_DIRECTIONS FOR THIS TASK_: Write out the records that follow exactly. Do not include pictures.

Pictures with short captions:
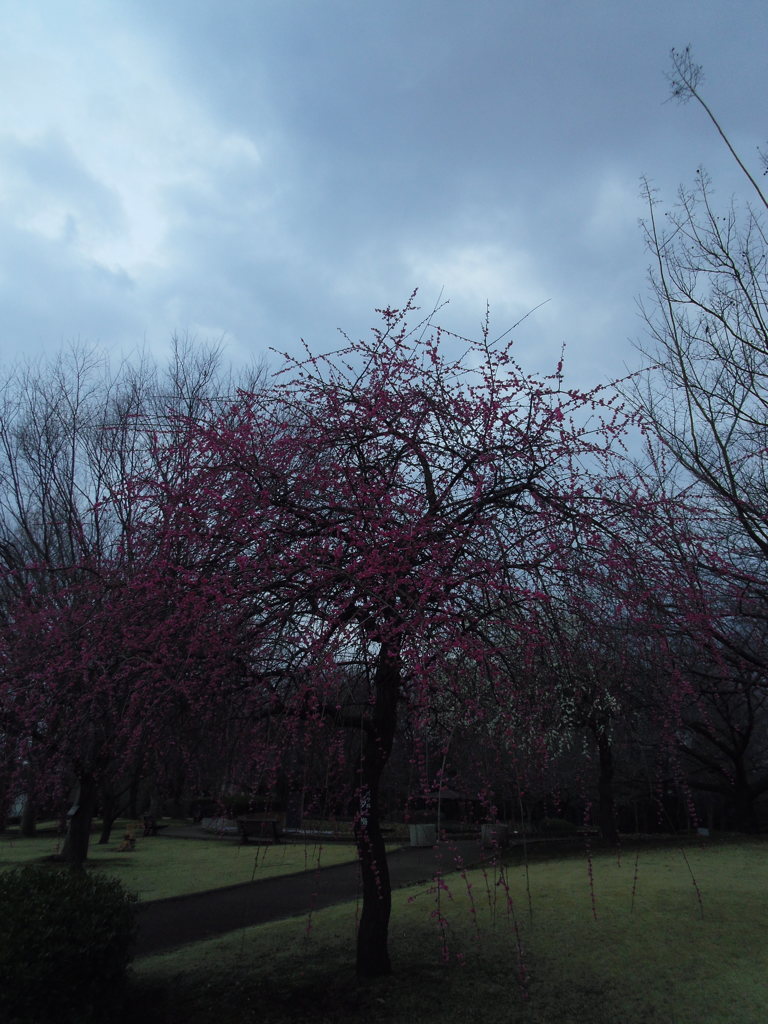 2016/02/28_花の丘農林公苑の枝垂れ梅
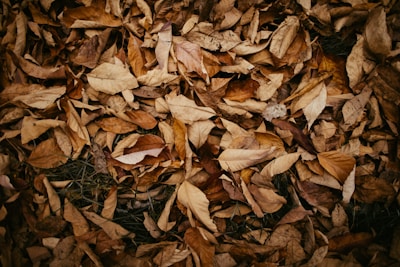 brown wilted leaves fallen on the grass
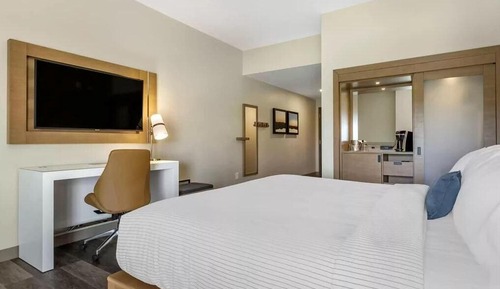 Room, 1 King Bed, Accessible (Roll-In Shower)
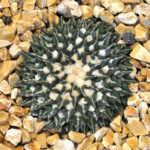Ariocarpus kotschoubeyanus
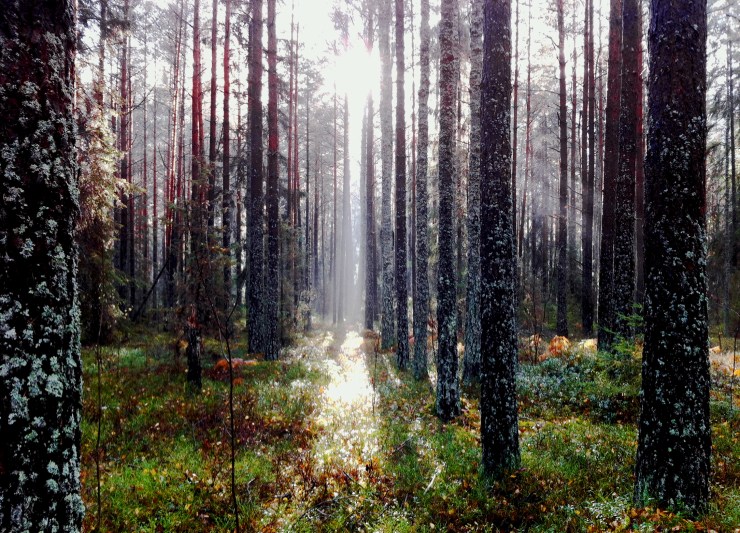 There is a crack in everything, that's how the light gets in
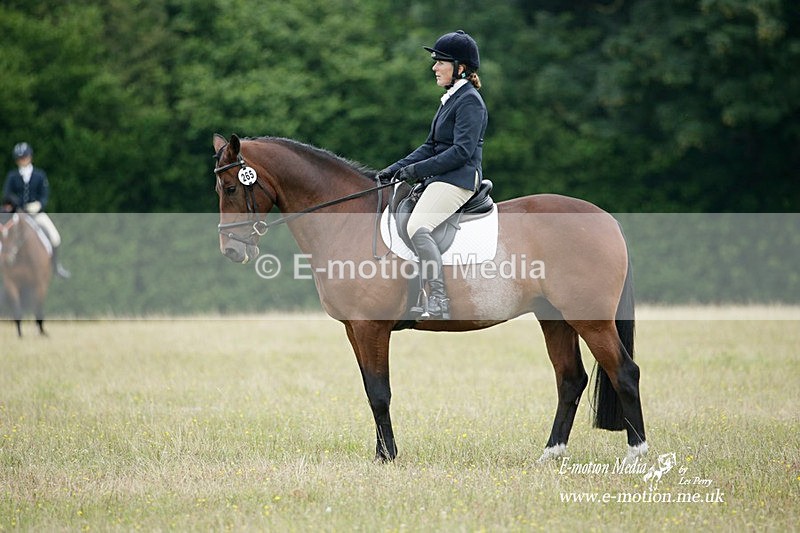 BVRC 030721 705 - Bourne Valley Riding Club Dressage 03/07/21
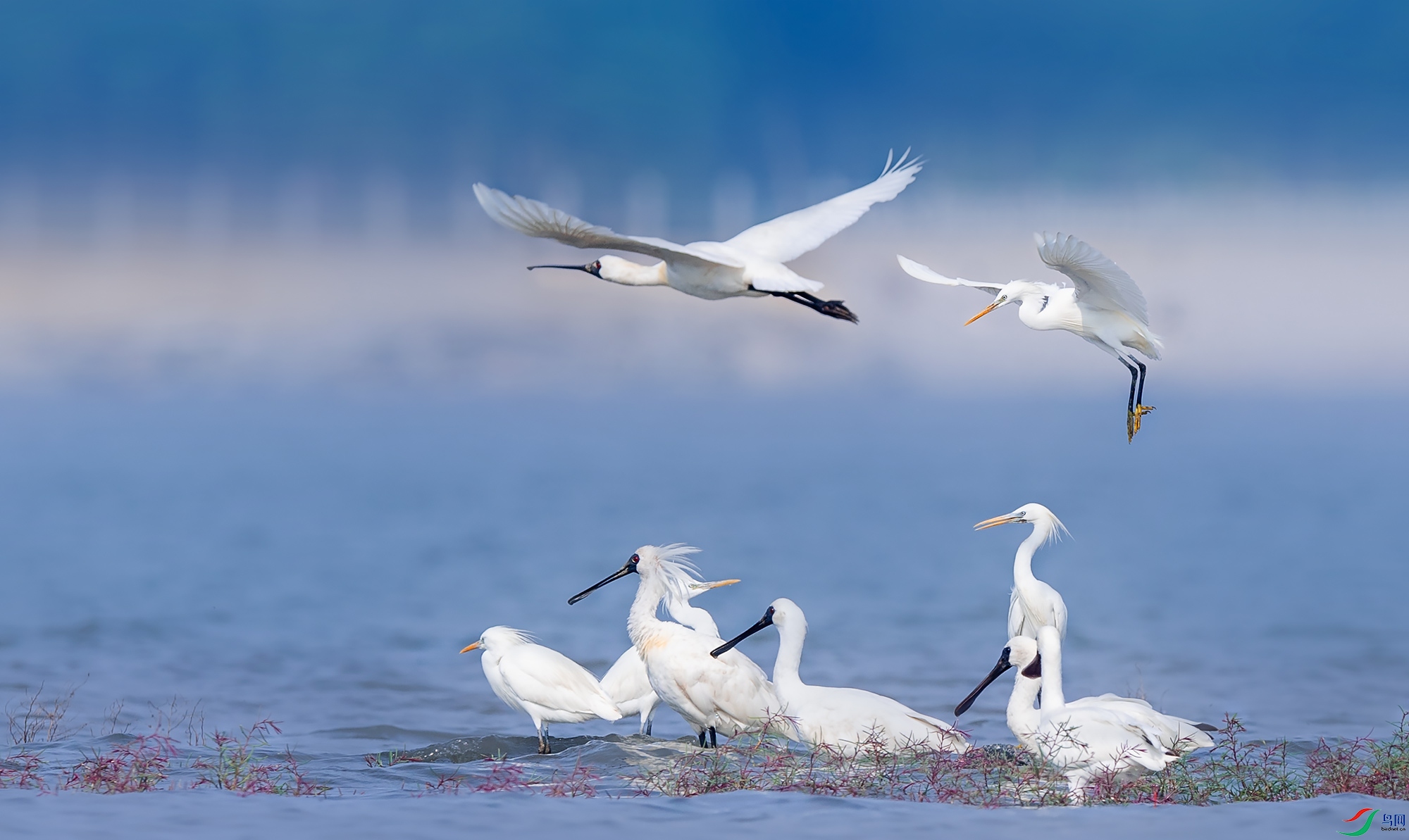 �������������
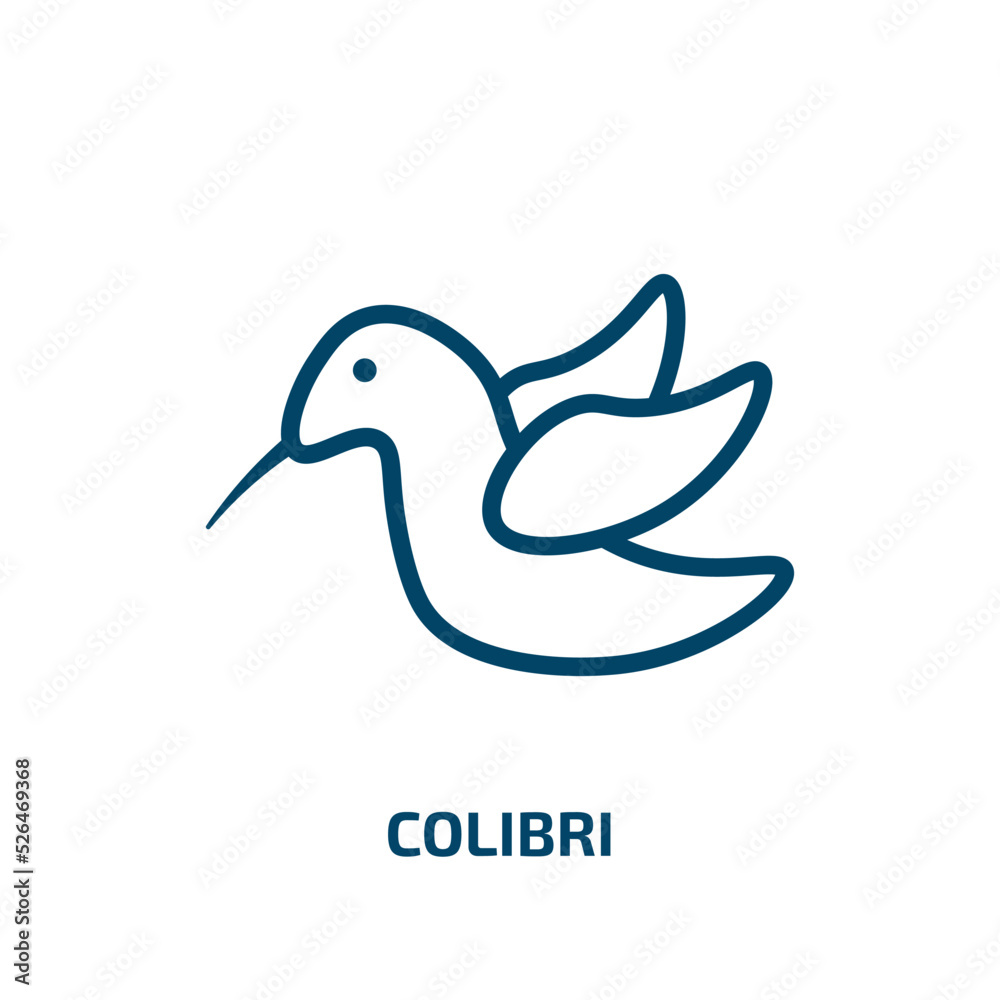 colibri icon from animals collection. Thin linear colibri, logotype, bird outline icon isolated on white background. Line vector colibri sign, symbol for web and mobile colibri icon from animals collection. Thin linear colibri, logotype, bird outline icon isolated on white background. Line vector colibri sign, symbol for web and mobile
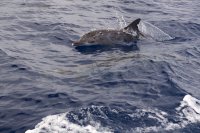 wWolfo 4 dauphin de Pico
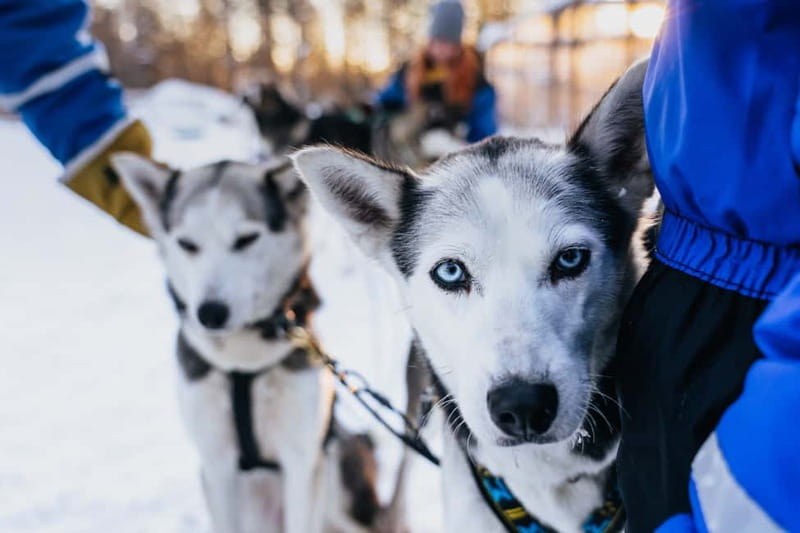 Rovaniemi: Autumn Husky Ride on Wheels - The 3 km cart ride through autumn scenery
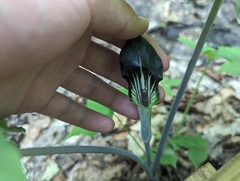 Ryan Sorrells, CC BY, iNaturalist via GBIF Arisaema pusillum, photograph Ryan Sorrells, CC BY, iNaturalist via GBIF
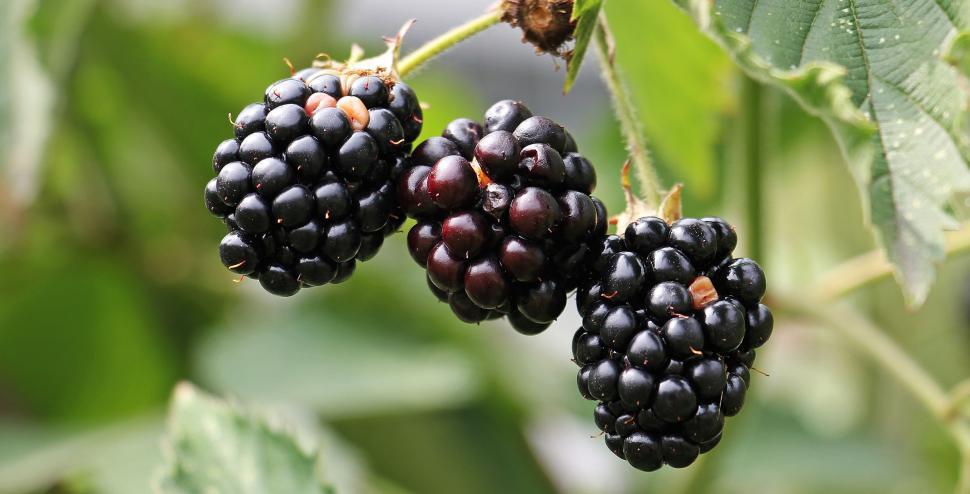 Free Image of Blackberries on the bush 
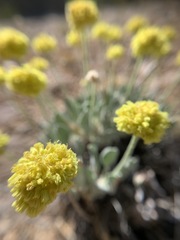 Eriogonum alexanderae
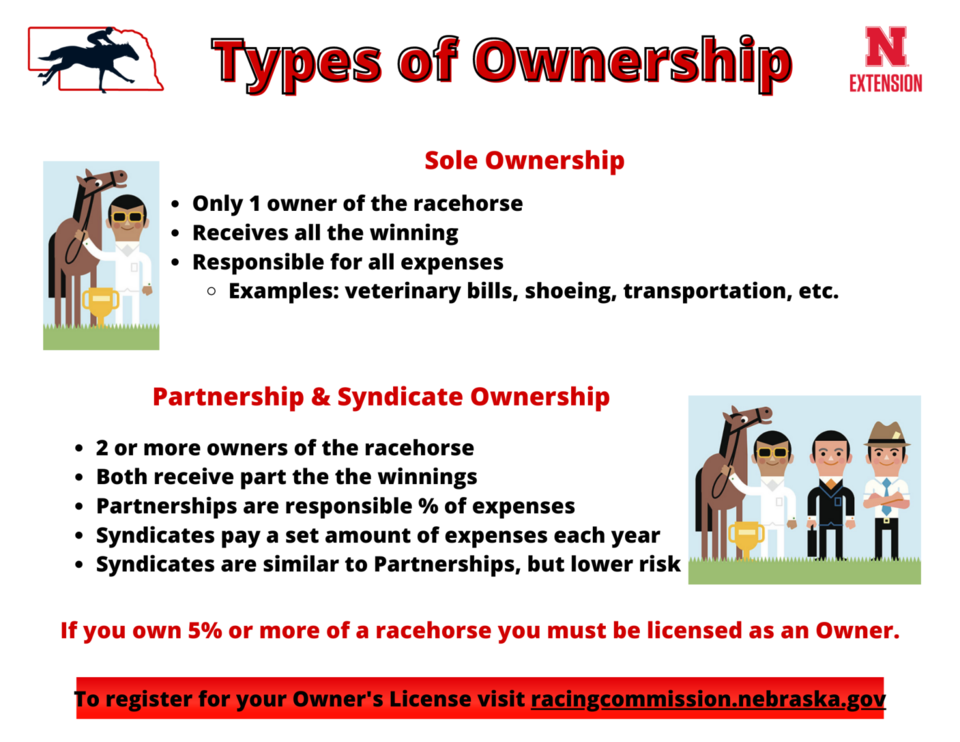 Types of Ownership Infographic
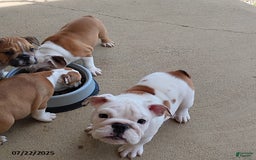 English Bulldog dogs for sale: Rock - Image 6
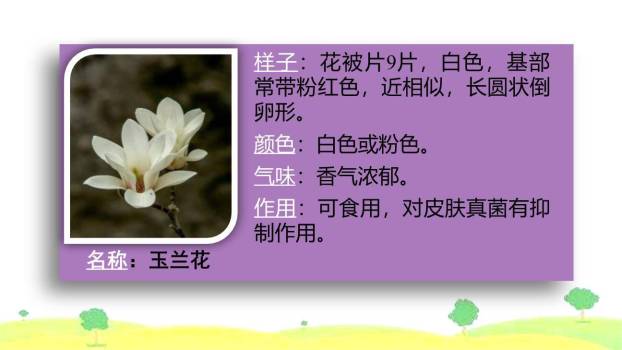 我的植物朋友PPT课件48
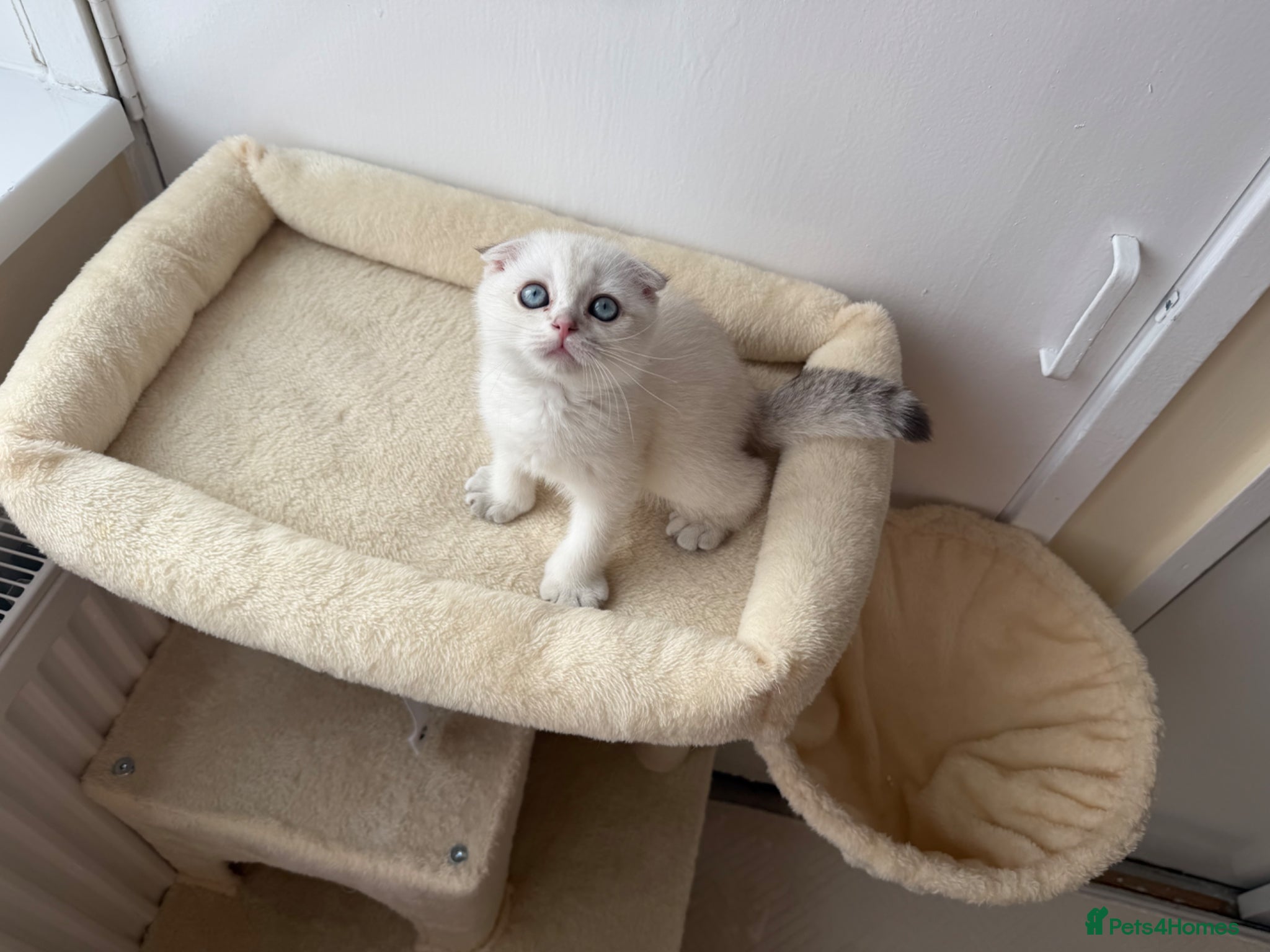 Scottish Fold cats for sale: Scotish fold  - Advert 9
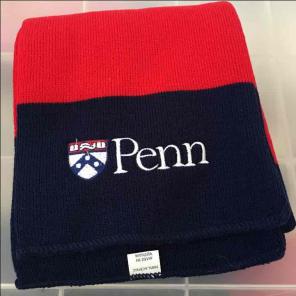 UPenn red and blue scarf new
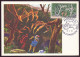 Monaco, Carte-max Du 26 Avril 1969 à Monaco " Forêts Et Cavernes " - Cartes-Maximum (CM)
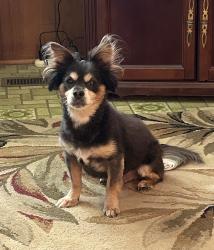 Lost Male Dog last seen Holloman Rd and Page Rd, Durham, NC 27703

_EXERCISE RESULT_:
 2016/02/28_花の丘農林公苑の枝垂れ梅
 brown wilted leaves fallen on the grass
 Room, 1 King Bed, Accessible (Roll-In Shower)
Ariocarpus kotschoubeyanus
 There is a crack in everything, that's how the light gets in
 BVRC 030721 705 - Bourne Valley Riding Club Dressage 03/07/21
 �������������
 colibri icon from animals collection. Thin linear colibri, logotype, bird outline icon isolated on white background. Line vector colibri sign, symbol for web and mobile colibri icon from animals collection. Thin linear colibri, logotype, bird outline icon isolated on white background. Line vector colibri sign, symbol for web and mobile
 wWolfo 4 dauphin de Pico
 Rovaniemi: Autumn Husky Ride on Wheels - The 3 km cart ride through autumn scenery
 Ryan Sorrells, CC BY, iNaturalist via GBIF Arisaema pusillum, photograph Ryan Sorrells, CC BY, iNaturalist via GBIF
 Free Image of Blackberries on the bush 
 Eriogonum alexanderae
 Types of Ownership Infographic
 English Bulldog dogs for sale: Rock - Image 6
 我的植物朋友PPT课件48
 Scottish Fold cats for sale: Scotish fold  - Advert 9
 UPenn red and blue scarf new
 Monaco, Carte-max Du 26 Avril 1969 à Monaco " Forêts Et Cavernes " - Cartes-Maximum (CM)
 Lost Male Dog last seen Holloman Rd and Page Rd, Durham, NC 27703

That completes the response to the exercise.